Thursday, October 11, 2012

Breezy books engage in career and workplace mythbusting


The challenge of any work is that it engages the reader. There is nothing so annoying as a book that takes itself too seriously. In the cases of two recent efforts, the authors have important things to say, but they are not afraid of speaking in an engaging style. “So Good They Can’t Ignore You” by Cal Newport and “Rework” by 37Signals founders Jason Fried and David Heinemeier Hansson take aim at the myths and misconceptions that surround careers and the workplace.

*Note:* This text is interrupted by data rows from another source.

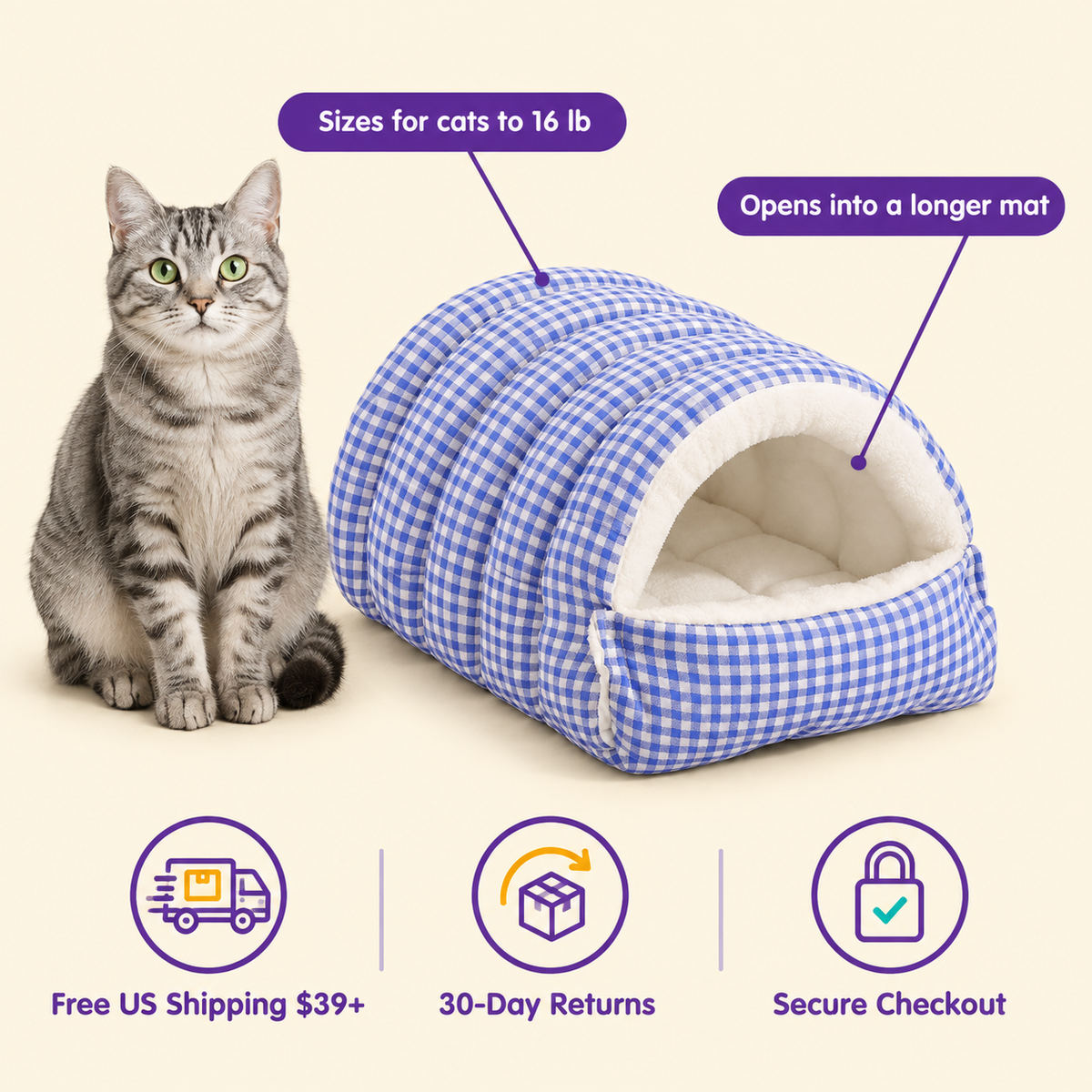 LitterBond Quilted Gingham Cave Bed - size and details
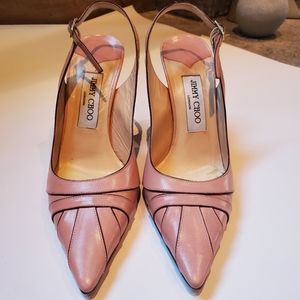 Jimmy Choo Light Pink Leather Sling Back Heels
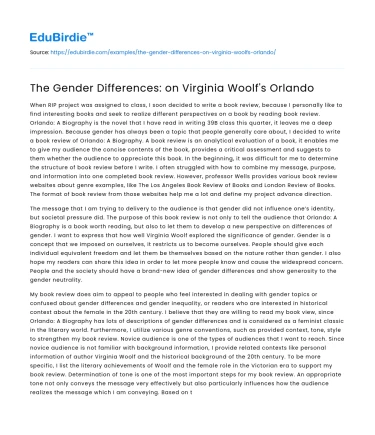 The Gender Differences: on Virginia Woolf’s Orlando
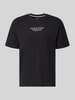 JACK & JONES T-Shirt mit Label-Print und Rundhalsausschnitt Black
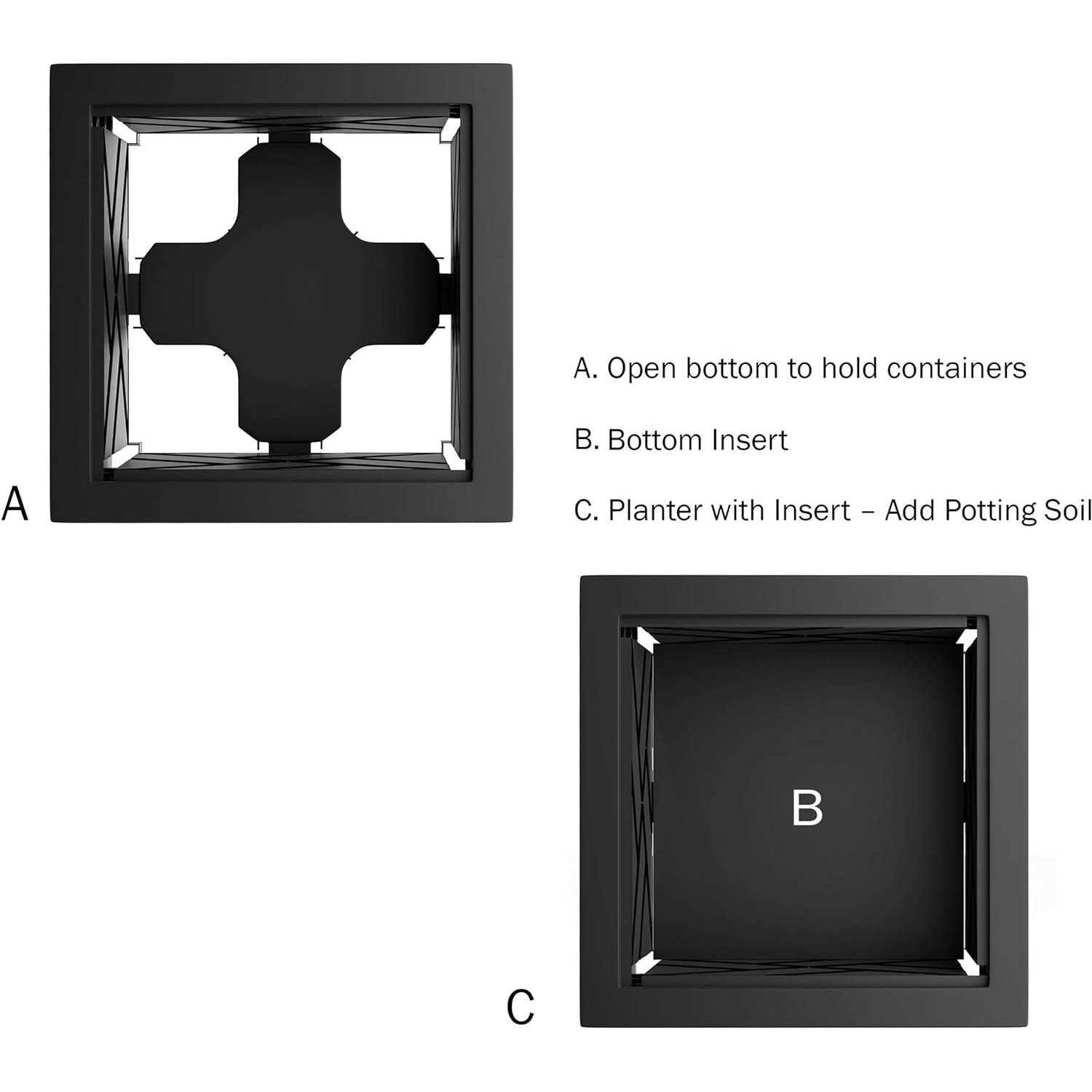 Pure Garden Square Planter Box Black Lattice Container for Flowers & Plants - Image 5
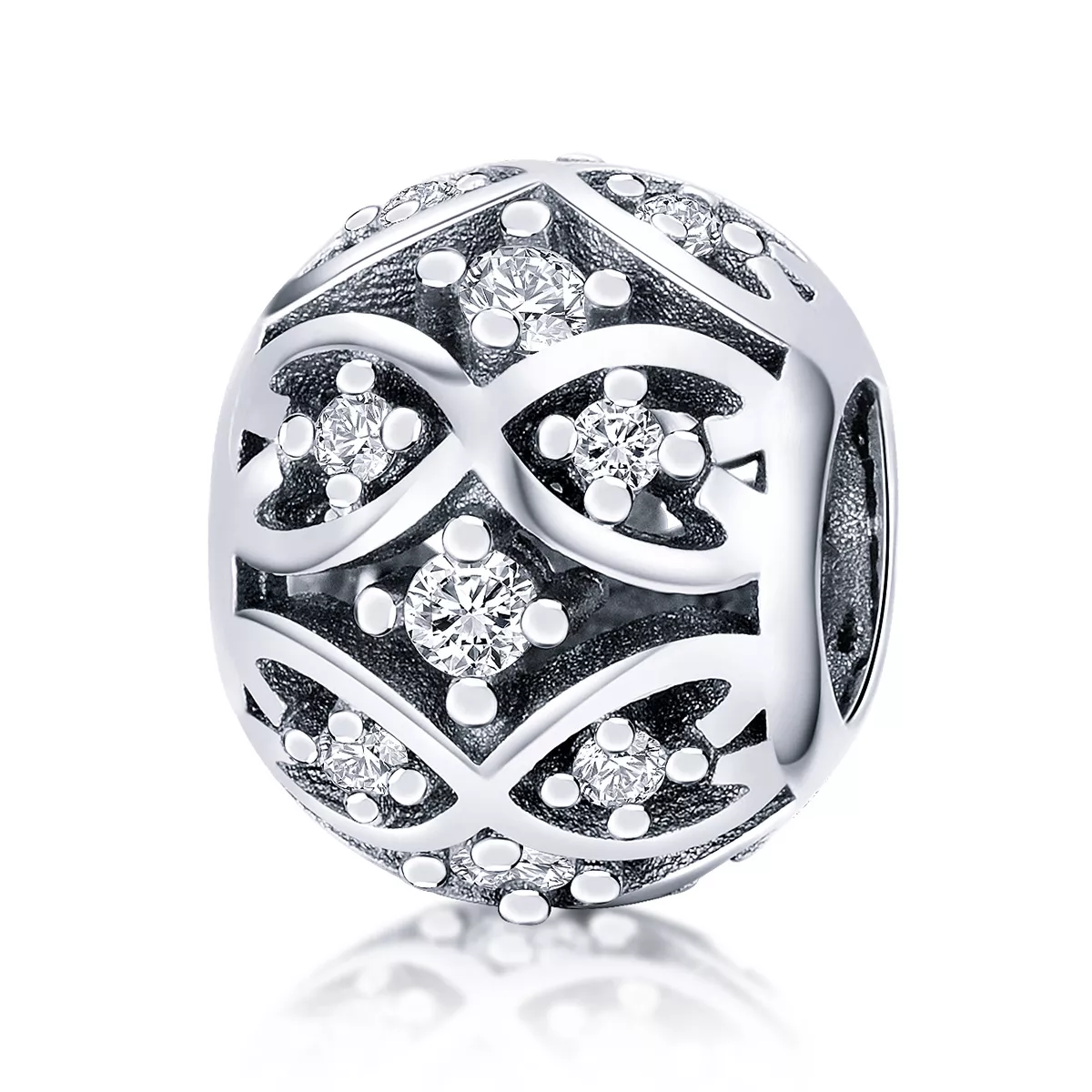 pulsera de estilo pandora con encanto de elegancia plateada scc732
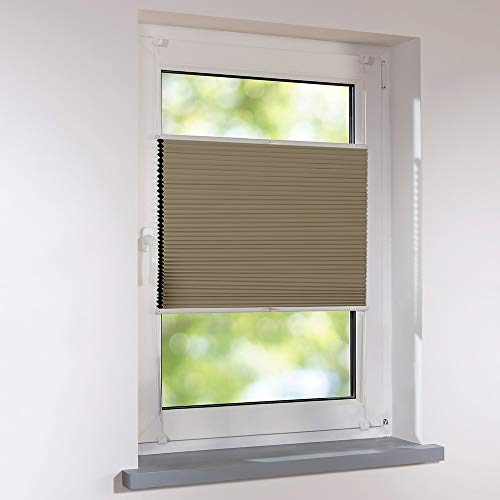 Sonnenschutz-HH - Plissee Duett Wabenplissee Universal verspannt 105 x 120 cm - Farbe Cappuccino - Braun - Thermo Verdunkelung zum Schrauben oder Klemmen - inkl. Klemmträger für Fenster und Türen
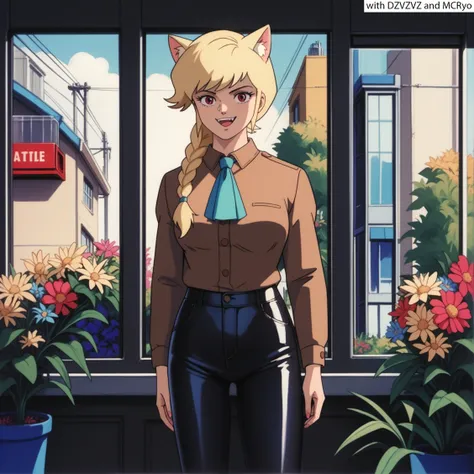 DZVZVZ, score_9, score_8_up, score_7_up, score_6_up, source_anime, cowboy shot, solo, 1girl, (MCRyo:0.7), catgirl, red eyes, happy, (braided ponytail:1.2), sukajan, brown shirt, (leather pants:1.2), ascot, greenhouse, window, garden, blooming flowers, fragrant, medium breasts, (blonde hair:0.3)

The two really do go together because at their core is the message that the most important thing is knowing what you do, and doing it well. Newport focuses on individuals while the founders of 37Signals focus on the workplace. Newport puts the craftsmanship involved in mastering rare and valuable skills that leads to career capital front and center. Career capital, and how you use it, can lead to the autonomy and sense of mission that make a career worth living. “Rework” puts the spotlight on doing what you do well. It distills the essence to keeping small enough that you create something that works that everybody wants and will continue to want.

For Newport, the biggest myth is the one he explodes right at the beginning: Follow your passion. Newport argues that this bit of advice is actively dangerous. Indeed, one imagines that this bit of advice comes from a misunderstanding of Joseph Campbell’s advice to “follow your bliss.” Again and again, Newport stresses the primacy of mastery. Know what you do well, do it well and continue improving. Your competence provides the source of your passion.

For the founders of 37Signals, there is no one single myth they explode. Instead, they turn their attention to a wide range of smaller myths that they blow up one at a time like a line of firecrackers. Whether it is the idea that bigger is better (it’s not) or that CEOs of Fortune 500 companies require Ivy League degrees (they don’t and most don’t have them), “Rework” overturns all the misconceptions a would-be company-creator might have and shows how those ideas are bunk.

The founders of 37Signals are in the trenches and use their experiences to highlight the lessons learned. Newport is an academic who was interested in how people really come into the kind of jobs people dream about. He relies on case studies in the form of interviews and academic research. Both books reinforce the idea of intimacy: know what you do, do it well and, in doing so, you become valuable.

Both of these efforts are well worth the read. Both are highly readable and will force a change in perspective. Both look at the same problem from different perspectives and both deserve a place on the desk.